THE TASK: Write out all of the data without omission, exactly as shown.

= Beginning of Section =

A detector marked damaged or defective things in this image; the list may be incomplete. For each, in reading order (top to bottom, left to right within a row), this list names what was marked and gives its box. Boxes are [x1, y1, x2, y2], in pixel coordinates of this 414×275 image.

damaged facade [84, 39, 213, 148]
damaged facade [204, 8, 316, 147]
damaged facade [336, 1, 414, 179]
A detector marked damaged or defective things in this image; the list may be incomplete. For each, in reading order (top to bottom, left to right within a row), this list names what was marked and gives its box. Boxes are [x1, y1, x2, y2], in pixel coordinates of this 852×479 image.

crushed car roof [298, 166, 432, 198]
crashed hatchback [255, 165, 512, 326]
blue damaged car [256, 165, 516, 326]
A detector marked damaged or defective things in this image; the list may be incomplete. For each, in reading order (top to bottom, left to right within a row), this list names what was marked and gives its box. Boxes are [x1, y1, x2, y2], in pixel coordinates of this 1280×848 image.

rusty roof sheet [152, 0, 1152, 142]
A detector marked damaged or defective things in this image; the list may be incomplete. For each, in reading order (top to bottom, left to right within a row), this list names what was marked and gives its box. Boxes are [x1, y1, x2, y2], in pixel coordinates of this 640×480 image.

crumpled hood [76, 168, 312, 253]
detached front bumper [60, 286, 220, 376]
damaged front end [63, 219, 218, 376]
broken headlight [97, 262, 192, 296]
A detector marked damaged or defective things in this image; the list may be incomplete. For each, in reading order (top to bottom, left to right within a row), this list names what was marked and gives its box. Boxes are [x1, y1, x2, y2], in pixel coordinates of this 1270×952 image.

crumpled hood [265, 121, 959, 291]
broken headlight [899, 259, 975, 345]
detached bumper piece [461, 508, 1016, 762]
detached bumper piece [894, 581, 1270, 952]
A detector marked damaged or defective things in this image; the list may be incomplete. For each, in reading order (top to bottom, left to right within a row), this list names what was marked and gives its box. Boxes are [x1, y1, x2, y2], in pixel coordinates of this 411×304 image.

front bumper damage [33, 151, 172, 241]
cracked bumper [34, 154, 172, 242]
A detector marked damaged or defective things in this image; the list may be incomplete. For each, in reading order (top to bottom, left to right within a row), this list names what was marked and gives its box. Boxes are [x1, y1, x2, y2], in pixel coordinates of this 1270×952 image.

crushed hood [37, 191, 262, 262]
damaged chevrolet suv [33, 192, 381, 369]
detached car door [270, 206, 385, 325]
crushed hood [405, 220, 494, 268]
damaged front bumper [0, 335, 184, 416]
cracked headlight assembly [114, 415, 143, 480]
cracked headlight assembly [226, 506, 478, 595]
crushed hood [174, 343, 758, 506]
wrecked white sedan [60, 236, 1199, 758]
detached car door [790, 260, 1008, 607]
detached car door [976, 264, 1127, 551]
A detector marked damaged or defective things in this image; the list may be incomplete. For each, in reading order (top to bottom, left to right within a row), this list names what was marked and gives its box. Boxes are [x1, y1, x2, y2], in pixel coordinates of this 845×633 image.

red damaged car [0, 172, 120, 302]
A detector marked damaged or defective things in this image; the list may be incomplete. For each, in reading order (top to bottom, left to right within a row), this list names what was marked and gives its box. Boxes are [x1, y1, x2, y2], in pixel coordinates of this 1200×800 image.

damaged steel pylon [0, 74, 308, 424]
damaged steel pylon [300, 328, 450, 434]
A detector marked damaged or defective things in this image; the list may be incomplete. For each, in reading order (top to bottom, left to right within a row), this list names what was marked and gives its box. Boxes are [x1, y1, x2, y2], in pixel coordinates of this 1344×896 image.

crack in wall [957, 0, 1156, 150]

= End of Section =

TASK RESPONSE:
A detector marked damaged or defective things in this image; the list may be incomplete. For each, in reading order (top to bottom, left to right within a row), this list names what was marked and gives its box. Boxes are [x1, y1, x2, y2], in pixel coordinates of this 414×275 image.

damaged facade [84, 39, 213, 148]
damaged facade [204, 8, 316, 147]
damaged facade [336, 1, 414, 179]
A detector marked damaged or defective things in this image; the list may be incomplete. For each, in reading order (top to bottom, left to right within a row), this list names what was marked and gives its box. Boxes are [x1, y1, x2, y2], in pixel coordinates of this 852×479 image.

crushed car roof [298, 166, 432, 198]
crashed hatchback [255, 165, 512, 326]
blue damaged car [256, 165, 516, 326]
A detector marked damaged or defective things in this image; the list may be incomplete. For each, in reading order (top to bottom, left to right within a row), this list names what was marked and gives its box. Boxes are [x1, y1, x2, y2], in pixel coordinates of this 1280×848 image.

rusty roof sheet [152, 0, 1152, 142]
A detector marked damaged or defective things in this image; the list may be incomplete. For each, in reading order (top to bottom, left to right within a row), this list names what was marked and gives its box. Boxes are [x1, y1, x2, y2], in pixel coordinates of this 640×480 image.

crumpled hood [76, 168, 312, 253]
detached front bumper [60, 286, 220, 376]
damaged front end [63, 219, 218, 376]
broken headlight [97, 262, 192, 296]
A detector marked damaged or defective things in this image; the list may be incomplete. For each, in reading order (top to bottom, left to right within a row), this list names what was marked and gives its box. Boxes are [x1, y1, x2, y2], in pixel coordinates of this 1270×952 image.

crumpled hood [265, 121, 959, 291]
broken headlight [899, 259, 975, 345]
detached bumper piece [461, 508, 1016, 762]
detached bumper piece [894, 581, 1270, 952]
A detector marked damaged or defective things in this image; the list may be incomplete. For each, in reading order (top to bottom, left to right within a row), this list names what was marked and gives its box. Boxes are [x1, y1, x2, y2], in pixel coordinates of this 411×304 image.

front bumper damage [33, 151, 172, 241]
cracked bumper [34, 154, 172, 242]
A detector marked damaged or defective things in this image; the list may be incomplete. For each, in reading order (top to bottom, left to right within a row), this list names what was marked and gives its box. Boxes are [x1, y1, x2, y2], in pixel coordinates of this 1270×952 image.

crushed hood [37, 191, 262, 262]
damaged chevrolet suv [33, 192, 381, 369]
detached car door [270, 206, 385, 325]
crushed hood [405, 220, 494, 268]
damaged front bumper [0, 335, 184, 416]
cracked headlight assembly [114, 415, 143, 480]
cracked headlight assembly [226, 506, 478, 595]
crushed hood [174, 343, 758, 506]
wrecked white sedan [60, 236, 1199, 758]
detached car door [790, 260, 1008, 607]
detached car door [976, 264, 1127, 551]
A detector marked damaged or defective things in this image; the list may be incomplete. For each, in reading order (top to bottom, left to right within a row), this list names what was marked and gives its box. Boxes are [x1, y1, x2, y2], in pixel coordinates of this 845×633 image.

red damaged car [0, 172, 120, 302]
A detector marked damaged or defective things in this image; the list may be incomplete. For each, in reading order (top to bottom, left to right within a row), this list names what was marked and gives its box. Boxes are [x1, y1, x2, y2], in pixel coordinates of this 1200×800 image.

damaged steel pylon [0, 74, 308, 424]
damaged steel pylon [300, 328, 450, 434]
A detector marked damaged or defective things in this image; the list may be incomplete. For each, in reading order (top to bottom, left to right within a row), this list names what was marked and gives its box. Boxes are [x1, y1, x2, y2], in pixel coordinates of this 1344×896 image.

crack in wall [957, 0, 1156, 150]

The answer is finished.